## TASK ITEM
Please repeat the whole listing exactly, but leave the pictures out.

## SUPPLIED INFORMATION
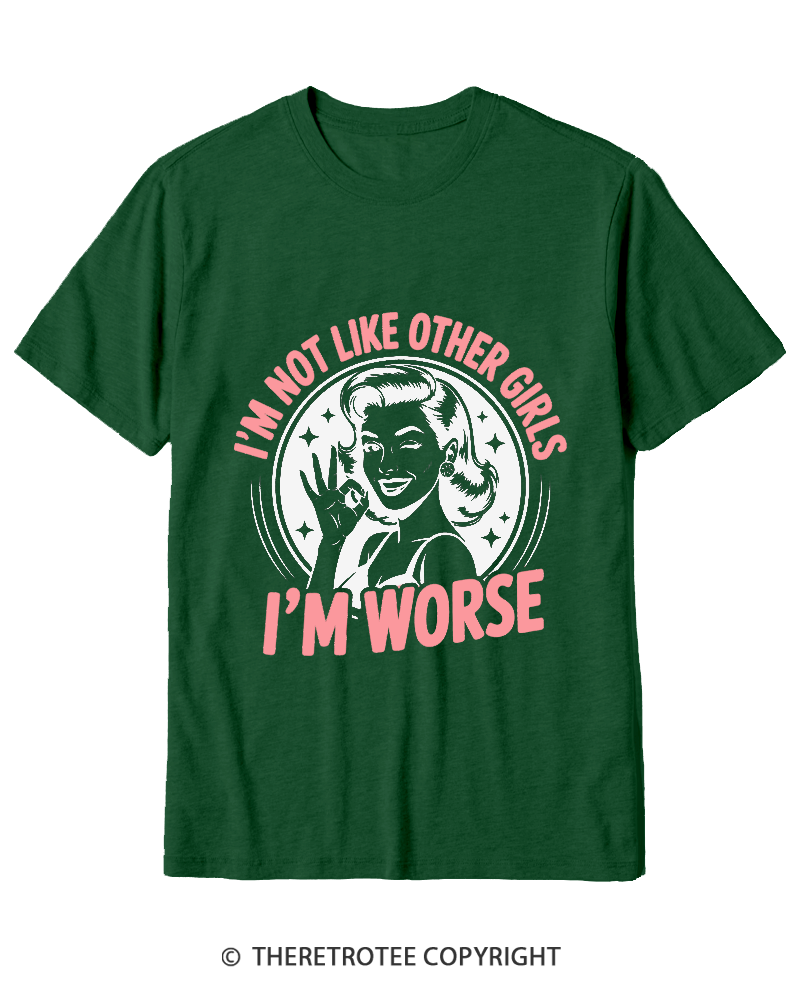 TheRetroTee I’m Not Like Other Girls 1950s Cotton T-Shirt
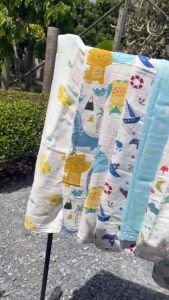 ผ้ามัสลินห่อตัวแบมบูเยื่อไผ่ไซส์ใหญ่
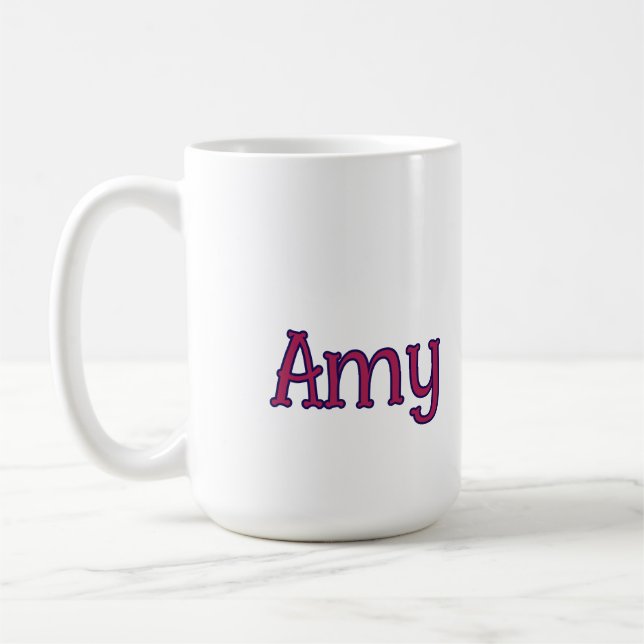 enkel minimal anpassad namnmonogram klassisk    kaffemugg (Vänster)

## RESPONSE
 TheRetroTee I’m Not Like Other Girls 1950s Cotton T-Shirt
 ผ้ามัสลินห่อตัวแบมบูเยื่อไผ่ไซส์ใหญ่
 enkel minimal anpassad namnmonogram klassisk    kaffemugg (Vänster)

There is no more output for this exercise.